Absent more specific appropriations language, however, or at least more information about the President’s negotiating objectives, it is hard to say that the President has yet breached this limit.  Congress might wish to provide money no questions asked, but the appropriations law it passed instead gave the administration at least some discretion over how to allocate funds for international organizations.  In that context, employing that discretion to seek improvements in the WHO’s effectiveness, as the administration is at least ostensibly aiming to do, does not seem clearly out of bounds.

The Bottom Line

To sum up, then, failing to pay our WHO dues could be bad policy, and it could carry international-law consequences, such as loss of voting rights at the WHO, but for better or worse it appears to me to be permissible under this year’s appropriations.
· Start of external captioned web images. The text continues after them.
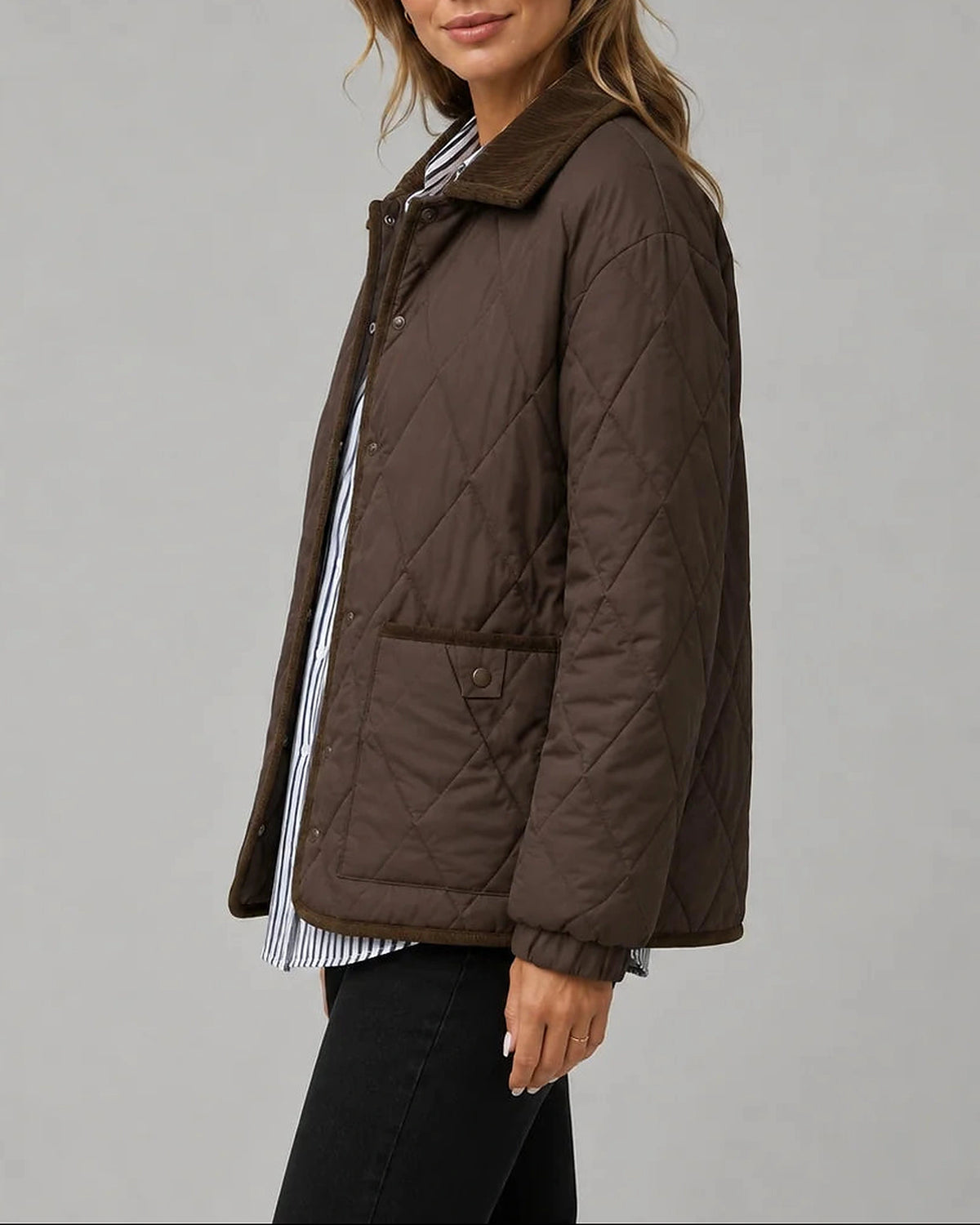 Women's Diamond Quilted Jacket with Corduroy Collar and Patch Pockets – Violet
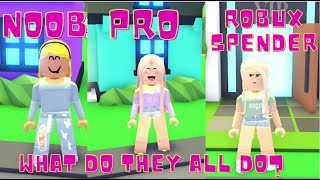 Noob vs Pro vs Robux spender in adopt me Roblox #roblox #adoptme #noob #robux #pro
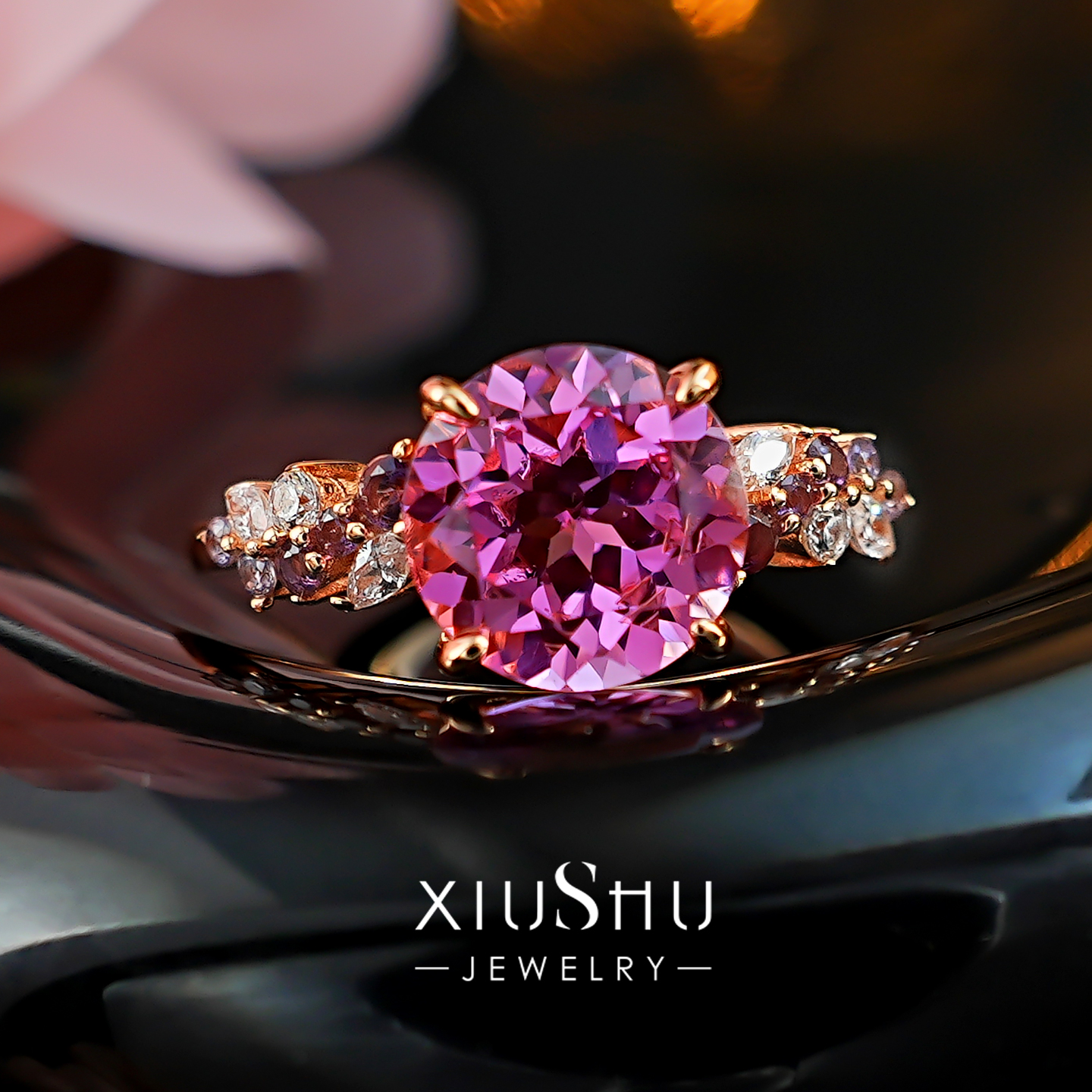 3ct卢比来粉碧玺色925纯银戒指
As I noted at the outset, all my analysis presumes that the size of the governing appropriation is small enough to give the administration wiggle-room over which organizations it funds and in what amounts.  If I am wrong about that assumption, then my bottom-line answer would change as well.  Although the applicable appropriations statute grants some authority to “reprogram” funds from one account to another, this power is limited; emergency authorities such as those the President used to divert funds for his border wall would not obviously provide a lawful means of diverting these funds; and the general ICA restrictions on deferrals and other types of impoundments limit any non-payment of appropriated funds.  Given, however, the extent of U.S. obligations and arrears for other organizations, I expect that the administration can find ways to spend the money here even if it fails to pay its full dues to the WHO.

What To Do?

What, then, can those who disagree with the President do?  If Congress wishes to ensure continued WHO funding, there is an easy fix:  Congress can mandate payment of WHO dues in the next annual appropriation, with or without the conditions the President is trying to impose.

Because annual appropriations require Presidents to come back each year seeking new funding for their priorities, Congress holds leverage each year to override or modify presidential choices—and it should use that leverage here and in other areas to keep unilateral presidential policy-making in check.  Congress should also exercise oversight to compel greater transparency from the administration about its legal theories and foreign policy goals.  As Eloise Pasachoff has suggested, it might also consider reforms to reinforce congressional authority over appropriations and improve the transparency and accountability of executive decisions.

But on the WHO issue specifically the ball is in Congress’s court.  If I am right about the discretion afforded by current appropriations, then Congress will need to decide whether to limit this discretion in future years.  If it does, then the President will lack constitutional authority to defy Congress’s mandate—and he should not be allowed to claim otherwise.